Inconsistent SignIn a competitive environment, ensuring that our organisations offer good customer service can help create a real competitive advantage.  Understandably, organisations of all sizes—from midsized to multinational—have spent time re-designing their processes and considering the journey that their customers go through when interacting with the company.  Providing a slick, informative and helpful service that meets the needs of our customers will make it more likely that they come back to us.   Customer experience can be examined from many different angles; this article considers the consistency of experience.

 

Offering an experience that is both good and consistent is crucial.  It is extremely frustrating, as a customer, when a company offers an excellent experience one day but a mediocre one the next.   When we provide a great customer experience, it raises the bar; quite rightly, our customers will expect a similar experience the next time.  If we fall short of this in the future, we cause disappointment and frustration. Imagine the following hypothetical example:

 

A supermarket offers a home delivery service.  Week after week, the service works well, with items being delivered on time and as expected.  The driver is always courteous, and helps the customer carry the bags into the kitchen. 

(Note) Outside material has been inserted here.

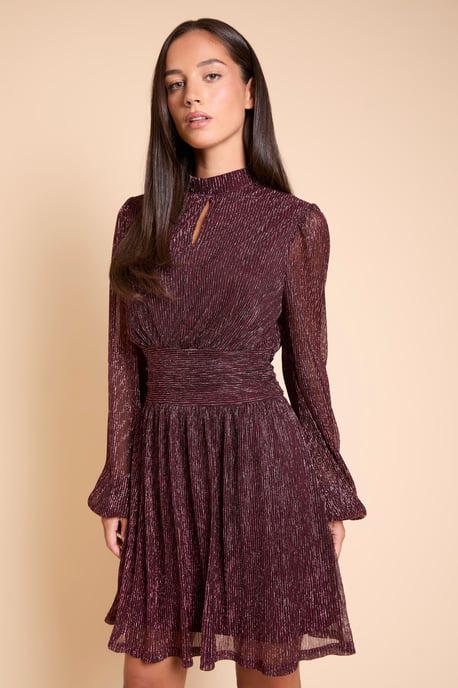DP Luxe Sparkle Plisse Jersey High Neck Mini Dress - Image 1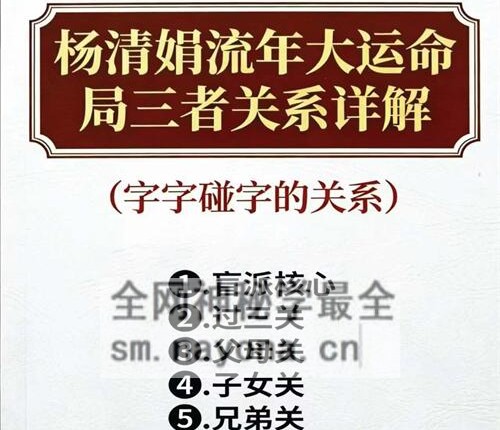 E430杨清娟流年大运命局三者关系详解(字字碰字的关系)PDF电子书360页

One week, the driver is rushed and unable to help the customer carry their bags into the house (“We don’t actually have to do that…”).  The customer realises, in the rush, that a bag has been missed.  The customer rings the call centre, and after a protracted discussion, the call centre agent issues a refund… but this leaves the customer in a situation where they have to go and visit a supermarket to obtain the missing items, even though they had opted for home delivery.

This inconsistency in experience, if it persists (even occasionally), may convince the customer to change to a different supplier.